(Pictures with short captions)
********

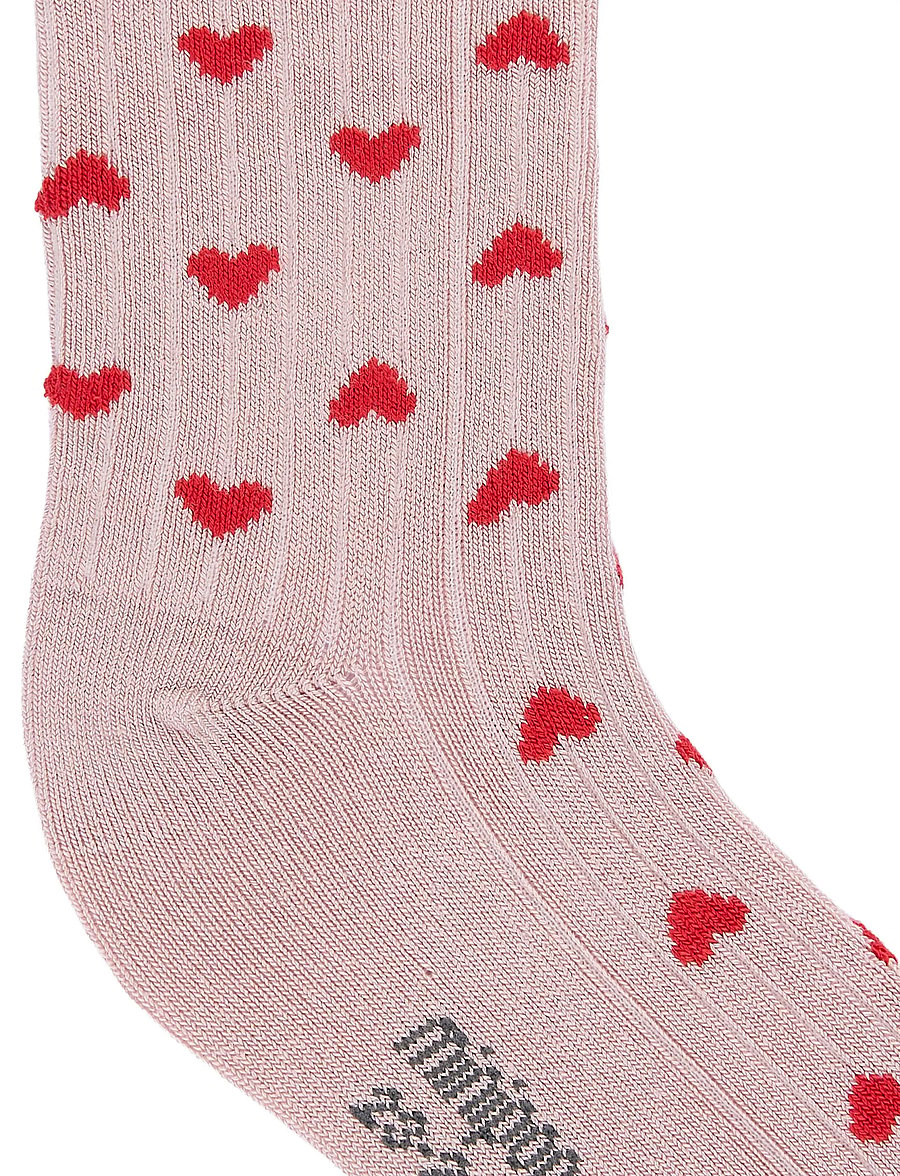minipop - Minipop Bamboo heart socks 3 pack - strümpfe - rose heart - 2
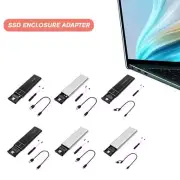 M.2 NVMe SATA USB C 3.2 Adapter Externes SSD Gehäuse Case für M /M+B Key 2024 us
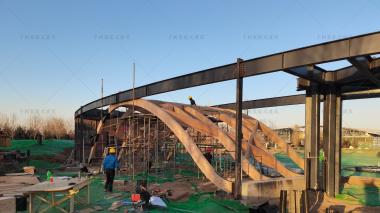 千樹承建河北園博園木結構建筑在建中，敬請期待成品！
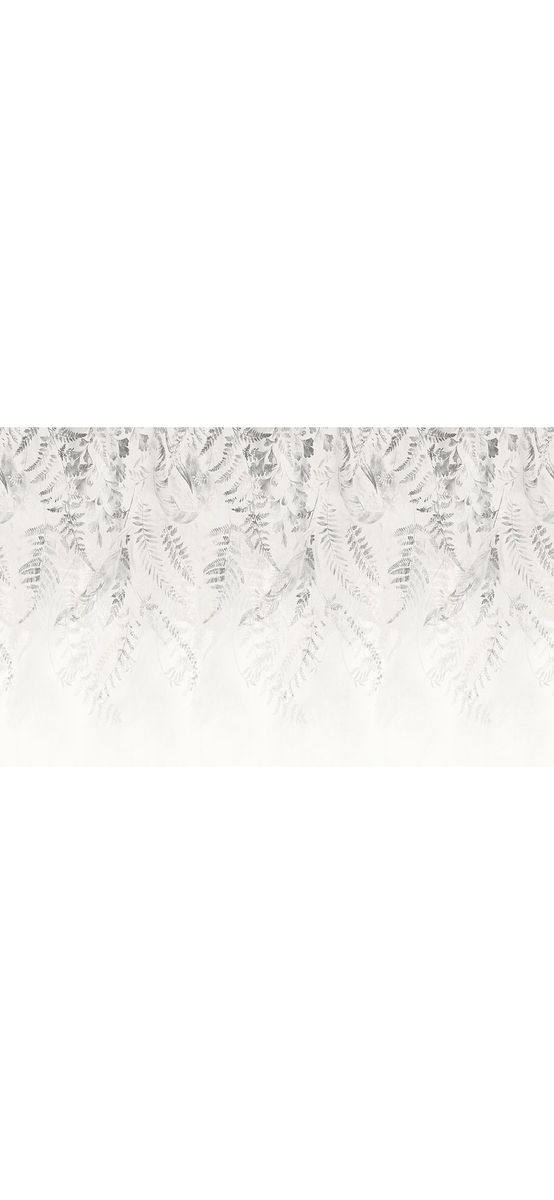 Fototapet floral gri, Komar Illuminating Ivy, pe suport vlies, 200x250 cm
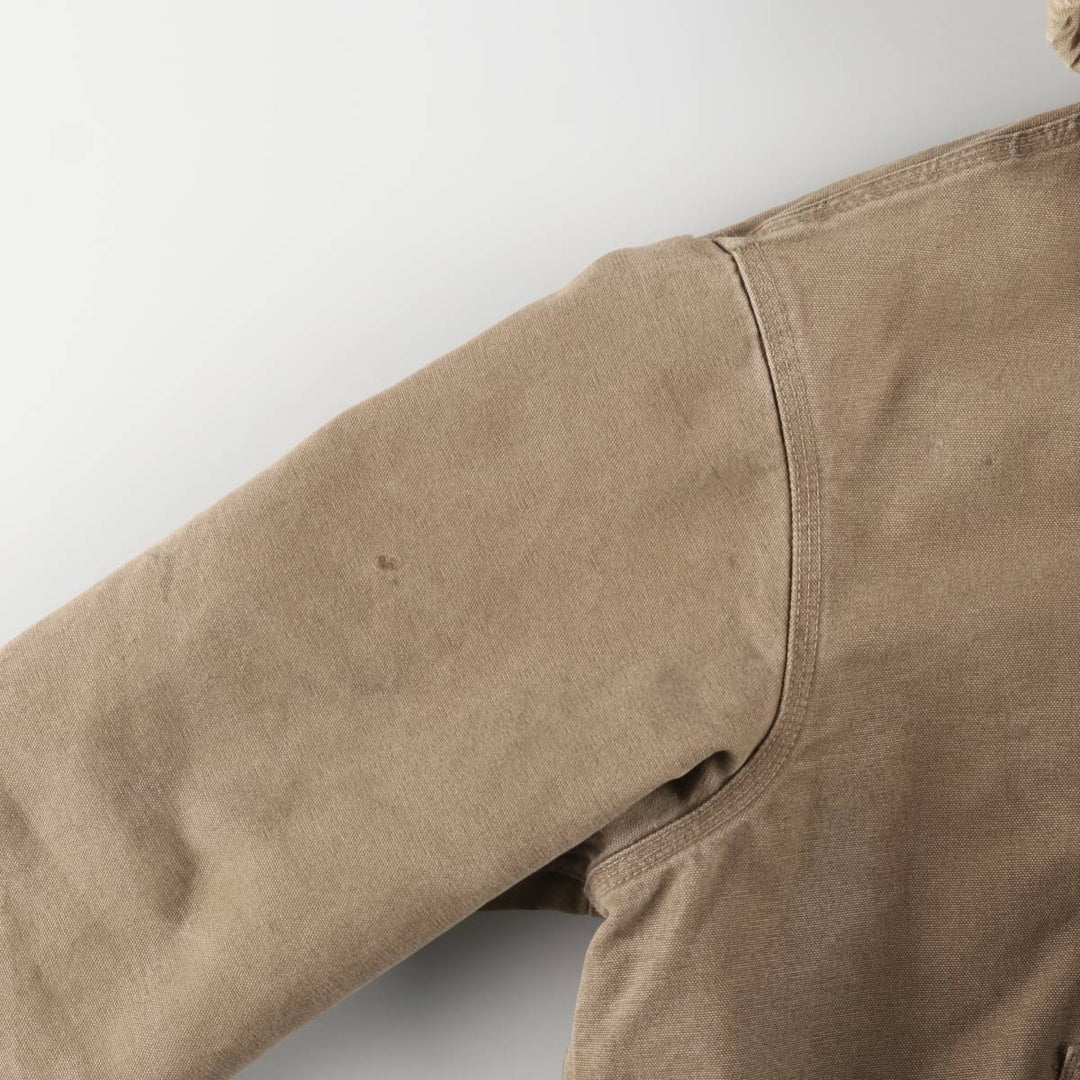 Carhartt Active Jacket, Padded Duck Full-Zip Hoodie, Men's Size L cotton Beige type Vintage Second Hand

********

#### [What you should do]
The output is the data above, repeated exactly, with pictures omitted.

#### [Response box]
minipop - Minipop Bamboo heart socks 3 pack - strümpfe - rose heart - 2
 M.2 NVMe SATA USB C 3.2 Adapter Externes SSD Gehäuse Case für M /M+B Key 2024 us
 千樹承建河北園博園木結構建筑在建中，敬請期待成品！
 Fototapet floral gri, Komar Illuminating Ivy, pe suport vlies, 200x250 cm
 Carhartt Active Jacket, Padded Duck Full-Zip Hoodie, Men's Size L cotton Beige type Vintage Second Hand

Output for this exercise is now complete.